═══ Study material

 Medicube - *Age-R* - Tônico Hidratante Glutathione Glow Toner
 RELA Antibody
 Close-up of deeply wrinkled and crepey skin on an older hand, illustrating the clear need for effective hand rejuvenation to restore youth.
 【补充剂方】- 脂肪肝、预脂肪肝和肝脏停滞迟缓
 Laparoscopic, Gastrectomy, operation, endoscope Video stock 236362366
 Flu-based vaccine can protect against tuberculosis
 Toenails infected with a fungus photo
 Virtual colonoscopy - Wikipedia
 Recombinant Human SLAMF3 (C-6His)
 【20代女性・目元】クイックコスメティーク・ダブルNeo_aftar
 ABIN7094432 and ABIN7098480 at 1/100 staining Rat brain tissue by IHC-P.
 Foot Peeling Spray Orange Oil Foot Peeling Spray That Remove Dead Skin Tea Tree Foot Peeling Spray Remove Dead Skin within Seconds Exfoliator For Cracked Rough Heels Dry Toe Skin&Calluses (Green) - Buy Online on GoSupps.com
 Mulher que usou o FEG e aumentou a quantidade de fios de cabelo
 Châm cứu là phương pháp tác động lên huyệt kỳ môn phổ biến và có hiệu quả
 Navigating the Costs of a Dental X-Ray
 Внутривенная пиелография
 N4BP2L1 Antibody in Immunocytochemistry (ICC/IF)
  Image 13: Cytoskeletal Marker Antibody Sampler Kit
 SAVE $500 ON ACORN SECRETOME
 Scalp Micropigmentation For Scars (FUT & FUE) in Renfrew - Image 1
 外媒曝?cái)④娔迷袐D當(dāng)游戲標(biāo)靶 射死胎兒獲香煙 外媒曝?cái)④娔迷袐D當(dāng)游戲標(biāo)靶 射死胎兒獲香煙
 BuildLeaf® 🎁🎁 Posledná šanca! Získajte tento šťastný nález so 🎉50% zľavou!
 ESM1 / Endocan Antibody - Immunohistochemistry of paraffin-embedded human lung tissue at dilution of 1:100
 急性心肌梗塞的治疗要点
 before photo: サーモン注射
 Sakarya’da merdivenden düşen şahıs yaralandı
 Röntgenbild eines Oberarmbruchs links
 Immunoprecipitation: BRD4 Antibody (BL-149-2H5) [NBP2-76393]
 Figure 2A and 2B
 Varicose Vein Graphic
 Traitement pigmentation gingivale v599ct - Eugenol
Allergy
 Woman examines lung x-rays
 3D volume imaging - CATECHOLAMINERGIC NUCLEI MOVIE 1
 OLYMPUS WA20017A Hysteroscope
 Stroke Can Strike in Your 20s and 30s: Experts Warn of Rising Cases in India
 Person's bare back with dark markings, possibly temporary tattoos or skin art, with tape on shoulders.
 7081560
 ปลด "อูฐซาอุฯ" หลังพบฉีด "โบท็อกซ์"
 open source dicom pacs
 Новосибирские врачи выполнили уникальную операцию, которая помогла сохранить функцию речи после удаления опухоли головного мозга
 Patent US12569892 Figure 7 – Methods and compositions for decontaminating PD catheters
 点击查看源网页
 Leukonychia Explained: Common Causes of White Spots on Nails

══════

Exercise brief: Would you copy, unchanged, the stretch of the records above that begins at the line containing "Recombinant Human SLAMF3 (C-6His)" and ends at the line containing "ABIN7094432 and ABIN7098480", and only that?

Your solution:
 Recombinant Human SLAMF3 (C-6His)
 【20代女性・目元】クイックコスメティーク・ダブルNeo_aftar
 ABIN7094432 and ABIN7098480 at 1/100 staining Rat brain tissue by IHC-P.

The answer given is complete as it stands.